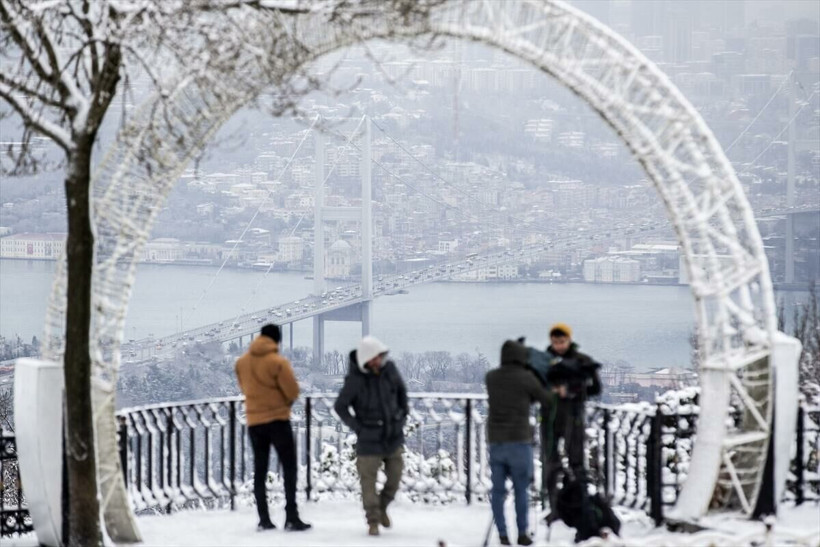 İstanbul'a fena geliyor her semte bu akşam kar yağacak! Uçuşlar yüzde 15 azaltıldı! Meteoroloji ve Orhan Şen saat verdi - Resim: 4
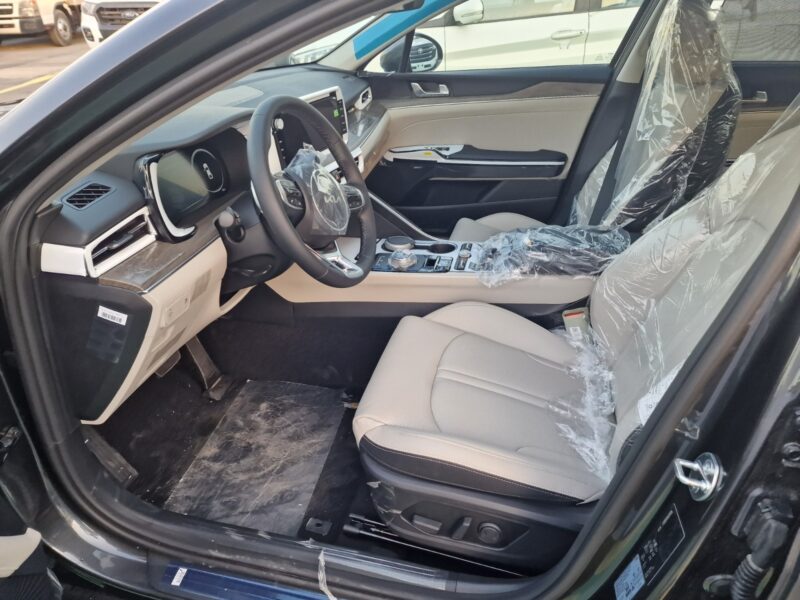 2026 Kia K5 2.5 Litres Naturally Aspirated 4-cylinder Engine Black Beige Sedan GCC Specs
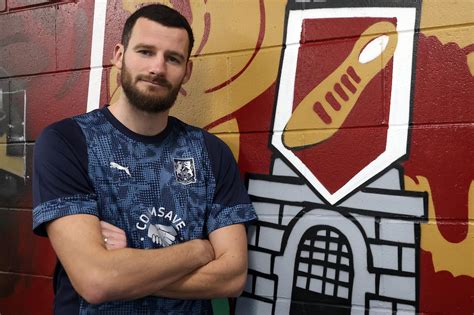 Elliott Moore explains reason for stepping away from football after ...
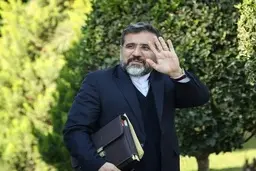 جمهوری اسلامی: می گویند اعضای بدن رئیسی در محل سقوط باقی مانده تا گنبد و بارگاه درست کنند؟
════════════════
- Aim of the exercise: Leaving out the images, repeat the listing above exactly.

- Result of the exercise:
 İstanbul'a fena geliyor her semte bu akşam kar yağacak! Uçuşlar yüzde 15 azaltıldı! Meteoroloji ve Orhan Şen saat verdi - Resim: 4
 2026 Kia K5 2.5 Litres Naturally Aspirated 4-cylinder Engine Black Beige Sedan GCC Specs
 Elliott Moore explains reason for stepping away from football after ...
 جمهوری اسلامی: می گویند اعضای بدن رئیسی در محل سقوط باقی مانده تا گنبد و بارگاه درست کنند؟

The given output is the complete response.